What the task asks
The answer is the full set of records, given again exactly and without images.

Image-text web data

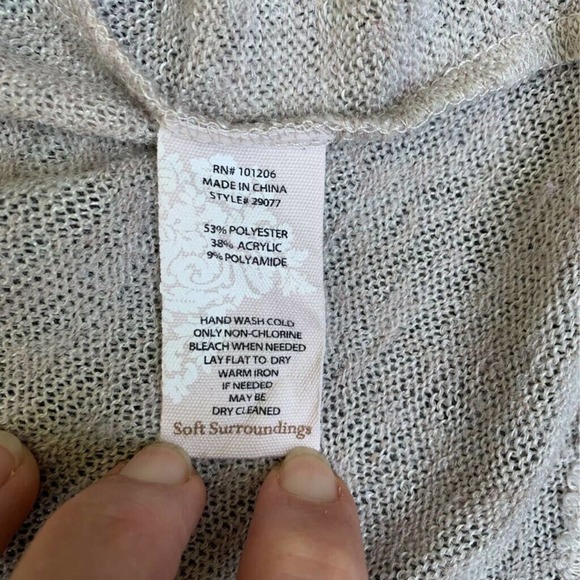 Soft Surroundings Womens Valentina Pullover Sweater Beige Long Sleeve V Neck XS - Picture 8 of 9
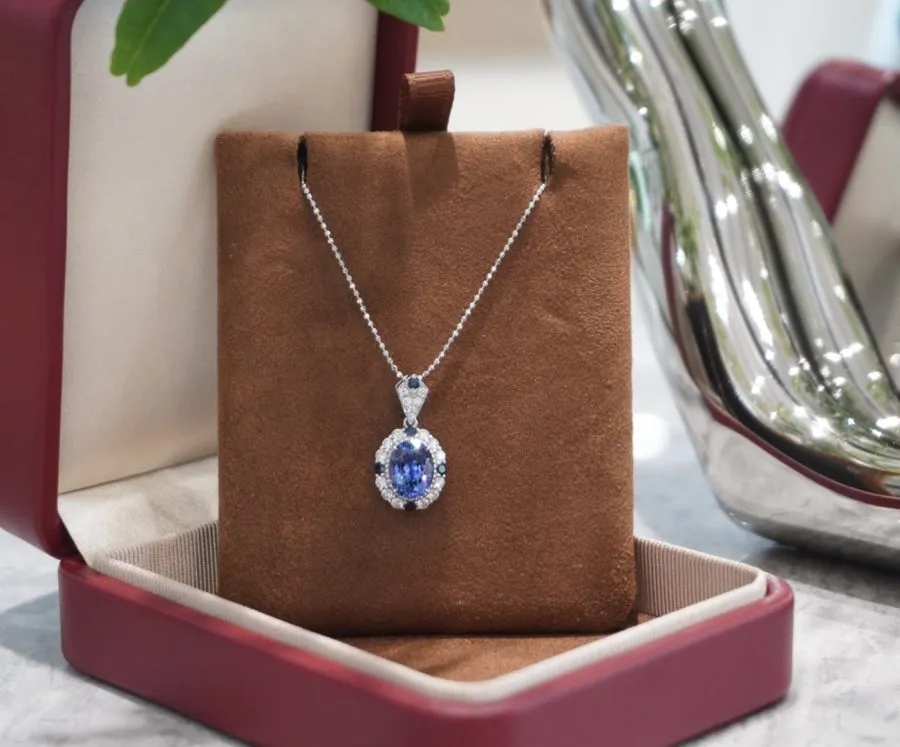 PT950 lab-grown sapphires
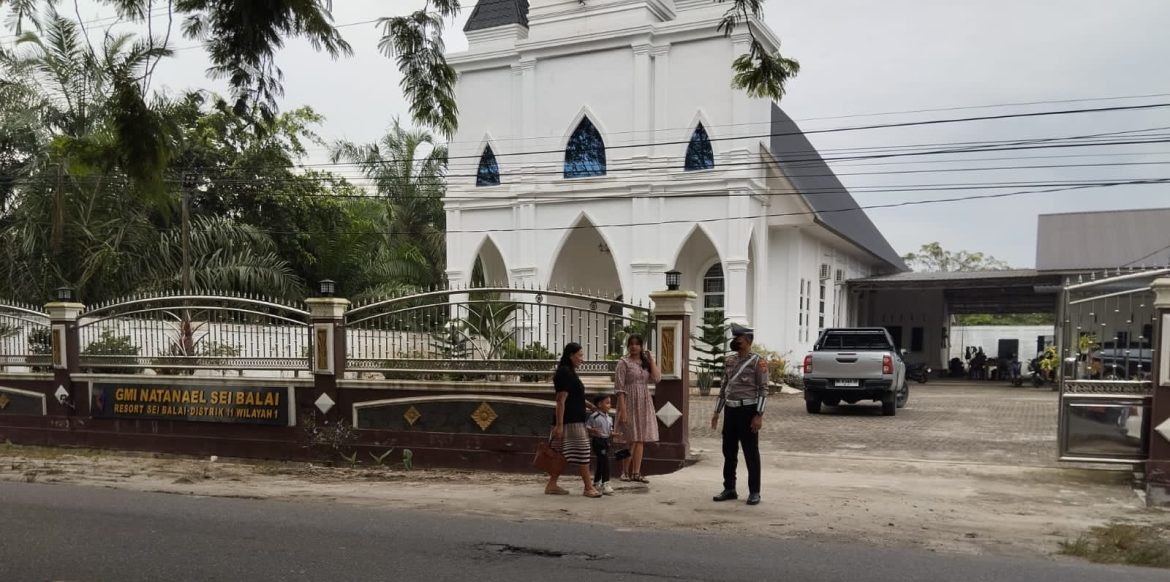 Sat Lantas Polres Batu Bara Patroli Pengamanan Disejumlah Gereja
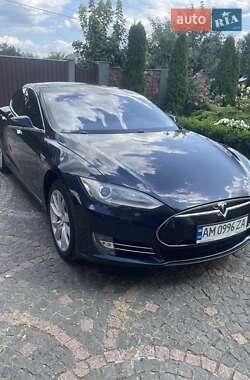Ліфтбек Tesla Model S 2014 в Коростишеві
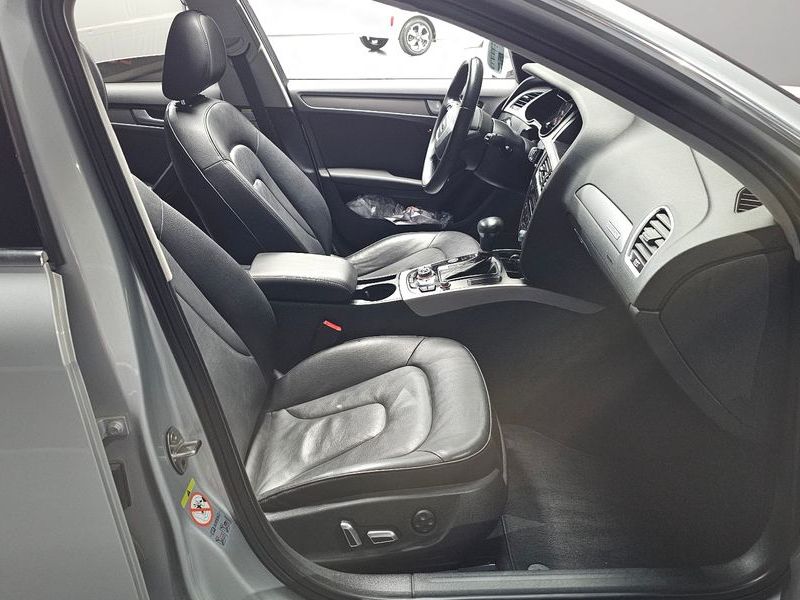 2014 Audi A4 2.0 TDI Quattro Dynamic B8 photo 10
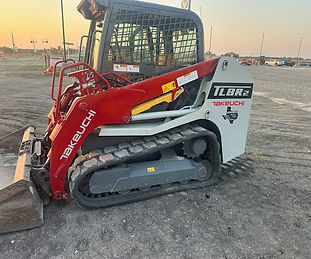 TL 8 Skidsteer 2.jpg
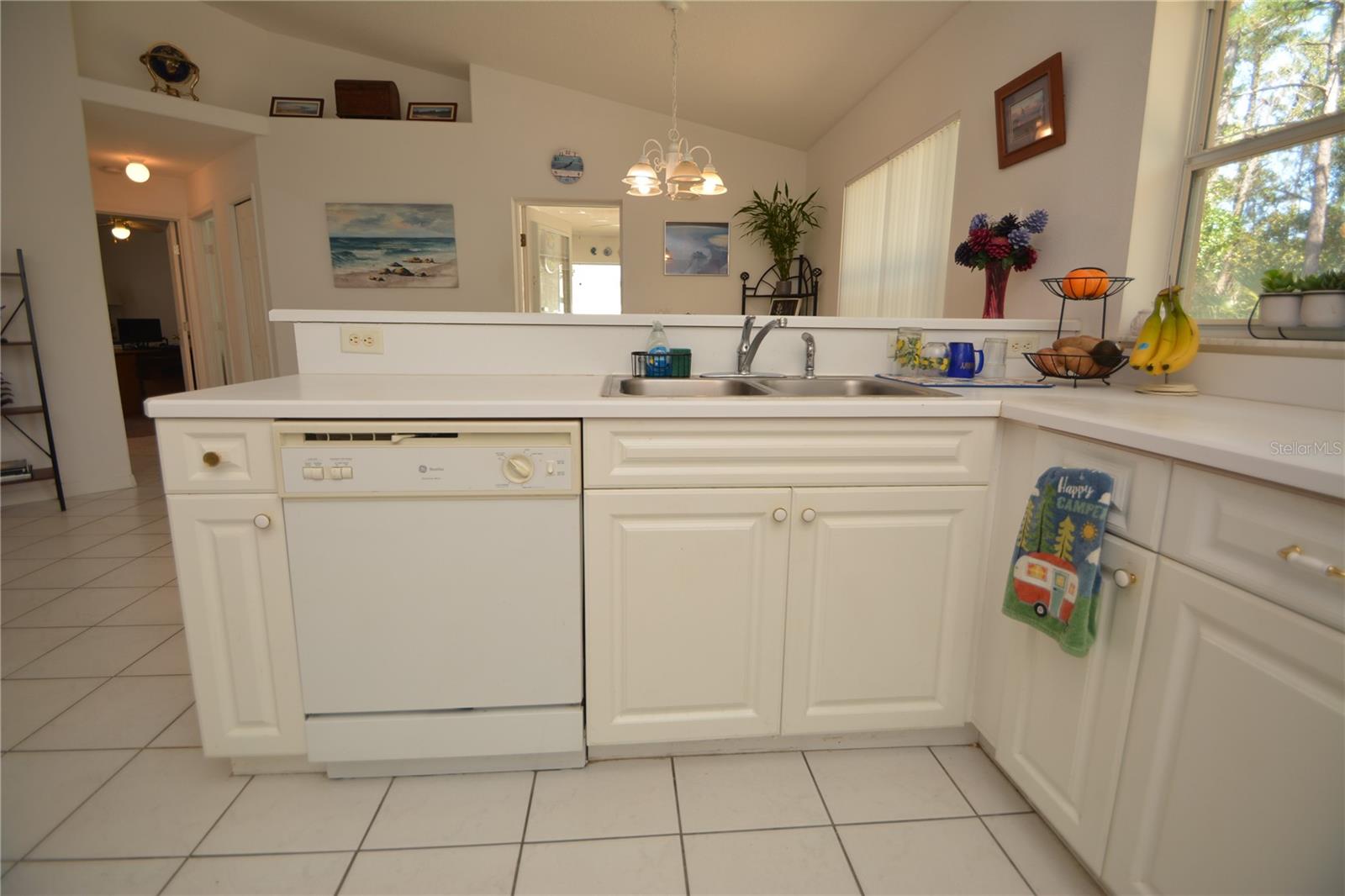 18 WHISPERING PINE DR, PALM COAST, FL, 32164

Answer for the task
 Soft Surroundings Womens Valentina Pullover Sweater Beige Long Sleeve V Neck XS - Picture 8 of 9
 PT950 lab-grown sapphires
 Sat Lantas Polres Batu Bara Patroli Pengamanan Disejumlah Gereja
Ліфтбек Tesla Model S 2014 в Коростишеві
 2014 Audi A4 2.0 TDI Quattro Dynamic B8 photo 10
 TL 8 Skidsteer 2.jpg
 18 WHISPERING PINE DR, PALM COAST, FL, 32164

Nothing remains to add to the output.